# commercial threads?



## dellzeqq (15 Oct 2009)

http://www.cyclechat.co.uk/forums/showthread.php?t=45884

would appear to be one such. If Shaun is gleaning funds from carrying this thread, all well and good (just go easy on the Havanas), but should it not be tagged as an advertisement?


----------



## Shaun (15 Oct 2009)

I approved it as I thought it might be of interest to some CC'ers.

Equally, I created the new forum as a holding place for similar Ads for charity rides etc. because I am being approched more often to post announcements about rides, and as some members might like to go on them I don't see the harm in advertising them in that sectioned-off part of the forums.

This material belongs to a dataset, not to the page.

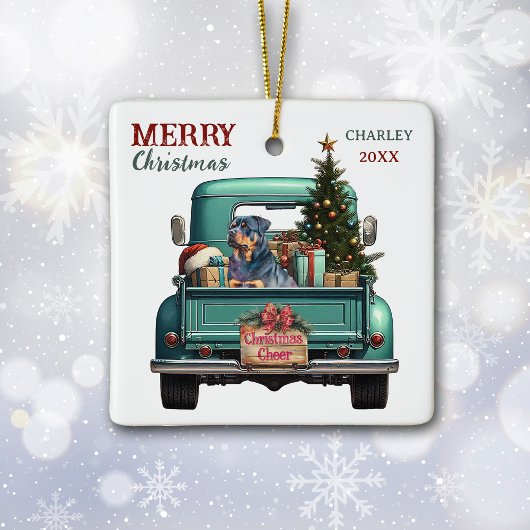 Ornement En Céramique Rottweiler Dog Retro Truck Christmas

It's a "for now" sort of situation.

Eventually I hope to get a proper Rides section set-up where advertisers can pay to promote their rides (_a nominal fee_), and at the same time top-up the CC coffers a little bit. 

Cheers,
Shaun


----------



## dellzeqq (19 Oct 2009)

fair enough, but I think this ride is a straightforward moneymaking exercise, and I'm concerned about their insurance cover. Would you mind if I asked some questions?


----------



## Shaun (19 Oct 2009)

dellzeqq said:


> fair enough, but I think this ride is a straightforward moneymaking exercise, and I'm concerned about their insurance cover. Would you mind if I asked some questions?



Not at all.

I assumed the entry fee was to cover the ride organiser's costs - if it's a profit making enterprise then I'll ask for a CC rider discount ...


----------